Saturday, July 24, 2010

New Film: Inception (Co-written by Michael J. Anderson & Lisa K. Broad)

Indisputably the movie of the present moment, though perhaps not entirely of its moment, Christopher Nolan's Inception is even more, and more importantly, the film of its writer-director's career, distilling Nolan's thematic concerns, style and signature narrative constructions within its single, "A"-picture shape. For good or ill, and it is indeed both, Inception contains all of Nolan's cinema - often not simply through allusion, but in visual citation as well - construed in a form that intermittently engages with the digital-age cinematic medium. Ultimately, it is on this last level that Inception proves of greatest interest to this piece's writers, at once extending the late 1990s, early 2000s engagement with the ontology of the analog-digital hybrid, while staking the director's place on the personal-impersonal artistic continuum.

In this latter respect, Inception joins David Fincher's own recent career-peak Zodiac (2007) in favoring its maker's effacement, albeit in a form subsumed by subjectivity, rather than by Fincher's comparatively fact-based approach. In Inception, Nolan introduces the question of the artist's place in the incursion of artist-surrogate Leonardo DiCaprio's memories into CillianMurphy's dream world - where the aforesaid seeks, along with his colleagues, to implant an idea at the behest of Ken Watanabe, Murphy's Far East corporate rival. (Following in the pattern of Memento [2000], Inception introduces the concept of the idea as "virus," as an all-consuming contagion that remakes the individual.) As DiCaprio's dead wife, Marion Cotillard, comes to disrupt her husband and his co-conspirator's work of inception, and with the couple's children more benignly present on repeated occasions, Nolan constructs a narrative where the personal not only challenges but in fact threatens to destroy the work of creation at hand.
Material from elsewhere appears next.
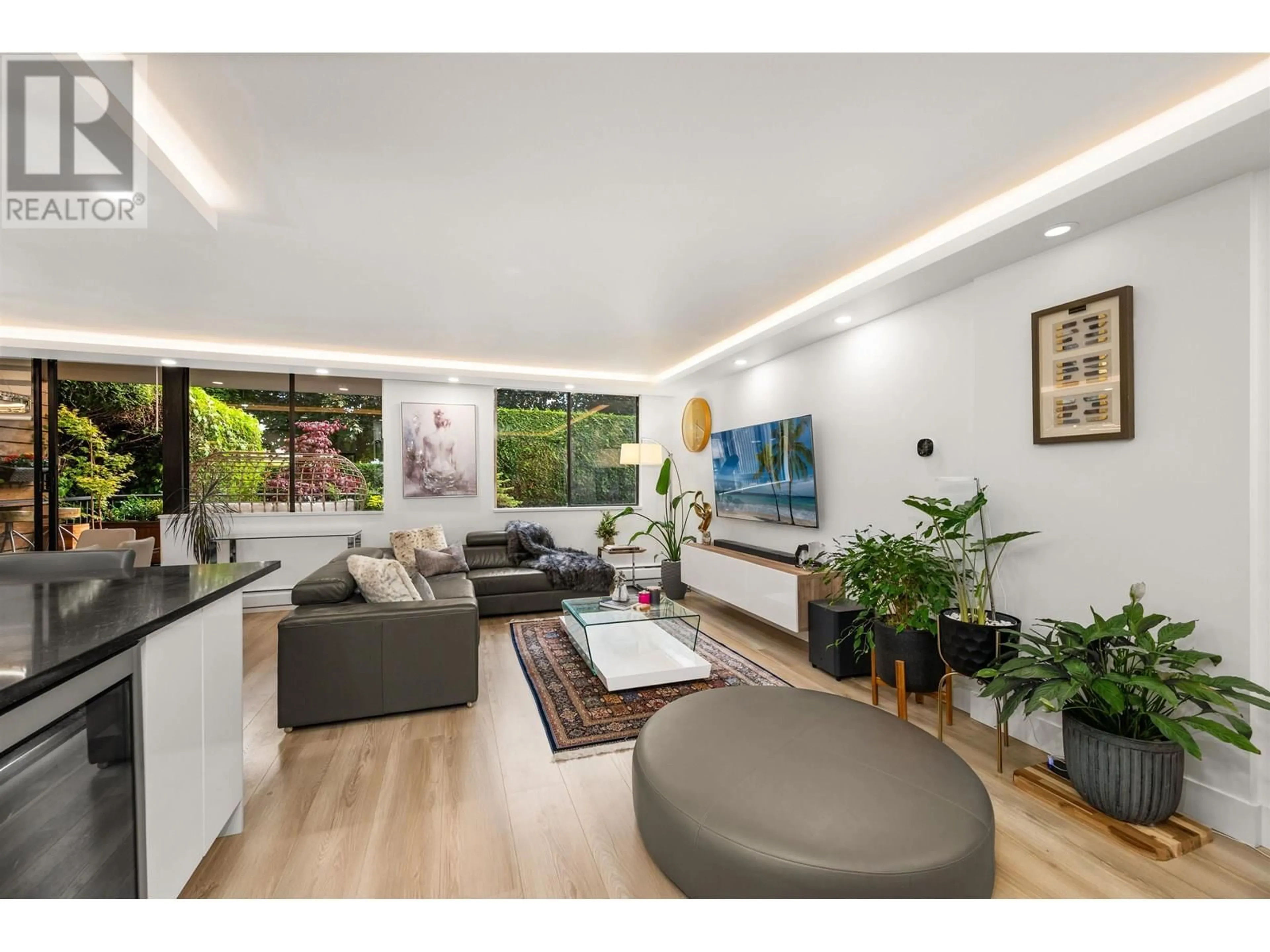 Living room with furniture, unknown for L1 - 555 13TH STREET, West Vancouver British Columbia V7T2N8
In order to successfully implant the idea, to create Murphy's recollection ex nihilo, DiCaprio is forced to resist his own traumatic past - his subjectivity, in other words.
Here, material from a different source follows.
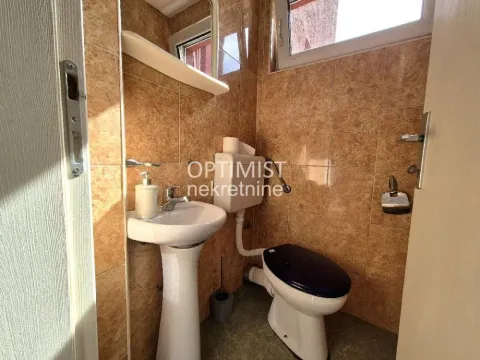 Rent, three bedroom apartment, 84m², Južni Bulevar, Vračar Sve Podlokacije - image 13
In more straightforwardly psychoanalytic terms, trauma proves formative for Nolan's latest, where the director's leads mine progressively deeper into human interiorty, seeking those secrets that are quite literally, in the film's science-fiction world, locked away within vaults. In its exploration of a repressed past, Inception particularly recalls the filmmaker's retrospectively cardinal psychoanalytic prequel, Batman Begins (2005), as it does DiCaprio's previous pairing with Martin Scorsese, Shutter Island (2010); DiCaprio himself seems in the incipient stages of establishing his own authorial voice. Batman Begins also generates one of the more obvious citations in Inception, with the former's Tibet set-piece returning as a cite of Freudian extraction. On the other hand, the director's behemoth box office follow-up to said reboot, The Dark Knight (2008), proves most formative for the low-key visual design of Nolan's current feature: The Dark Knight's warm golden light once again radiates through Inception's mahogony-paneled interiors. Present likewise is the 2008 film's reliance on a Griffithian form of cross-cutting, which in Inception, as in Peter Jackson's capstone to his 'Lord of the Rings trilogy,' The Return of the King (2003), sets a new standard in its activation of multiple, simultaneous narrative stages. This trio of contemporary blockbusters accordingly signals a return of Hollywood's repressed feature-film origin, The Birth of a Nation (1915).

Inception, however, adds a new dimension to the technique, thanks to its multiple dream-within-a-dream scenarios, each of which possess their own temporal schemas. Thus, an extended battle sequence in one dream-scape occupies the same relative story duration as a van's drop from a lift bridge. In this regard, Nolan again returns to the American cinema's original master, whose cross-cutting once pitted a cross-town traversal in The Drive for Life (1909) with the time it would take to raise a single piece of poisoned candy to its heroine's lips - in both Nolan's and Griffith's work, a Hollywood ending ensues. Of course, Inception explains its adoption of proto-classicism's temporal distensions through its science-fiction conceit; Nolan naturalizes Griffith's improbable last-minute rescues. Inception's narrative structure, like The Prestige's (2006) subject matter, returns to cinema's relative nascence.

The Prestige similarly proves a precursor for Inception's fable of the ontological loss of innocence, where the original sin of the copy begins the work of robbing the individual of his or her sense of reality. In the director's current work, the infinite regress dovetailing from waking life invites a skepticism that at least in one instance proves fatal. In this sense, Inception offers an allegory for the cinema not simply within the present digital age, but also inclusive of its proto-chemical mode. Still, Inception does belong meaningfully to the digital and new media moment, presenting a world that is wholly created, however uniformly photo-real, while also adopting video gaming's logic of immersed multiple lives. Consequently, Inspection repeats the narrative pattern instantiated previously by David Cronenberg's eXistenZ and the Wachowski Bros.'s The Matrix (both 1999), albeit from within rather than on the threshold of the digital revolution.